You’ve probably heard the advice that you get more happiness when you spend money on experiences (e.g. vacation), not material possessions (e.g. watch/jewelry). But what about purchases that have aspects of both (e.g. a swimming pool or home remodel)? The study What Makes People Happy? Decoupling the Experiential-Material Continuum (via Klement on Investing) takes data from multiple studies and places hundreds of items along two separate continuums:
- Material happiness qualities. Happiness derived from the primary intention of acquiring a material possession – a tangible object that one obtains and maintains possession.
- Experiential happiness qualities. Happiness derived from the primary intention of acquiring a life experience.
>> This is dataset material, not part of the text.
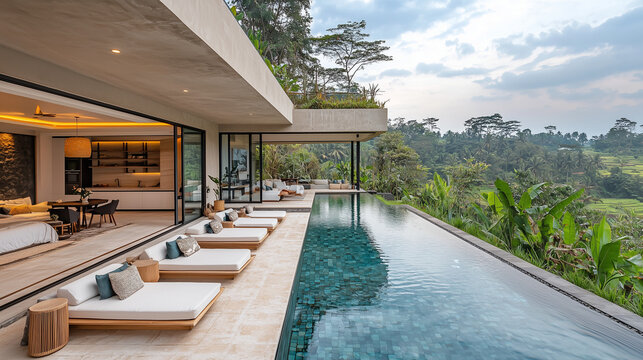 Luxury Villa Infinity Pool Bali Escape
Some items are low on both spectrums, like tax software or insurance (low-low). Some are high on one spectrum and low on the other (high-low, low-high). Finally, some are high on both scales (high-high). The study has found that the happiness derived from the experiential and material sides are additive and not dilutive, so you can get even more total happiness this way.
The chart below takes only the goods that rated in the top 10% of highest anticipated happiness (out of 370 total goods), and then plotted them on two scales of material vs. experiential qualities.
This excerpt summarizes the conclusions well:
Therefore, the experiential advantage advice is correct in that if consumers must choose between material and experiential qualities, they should choose experiential consumption. However, when consumers can seek both qualities, such as when “high-material high-experiential” mixed consumption is available, it can provide as much as or even more happiness than purely experiential consumption.
The benefit of material goods is that they don’t go away after the experience ends (food is eaten, cruise ends, etc). The best material goods are those that keep generating new positive experiences and memories. A swimming pool or kitchen/deck remodel where family and friends can gather for many years. Of course, these things are also quite expensive!? I suppose we could skip a vacation and save up to fix up the deck instead.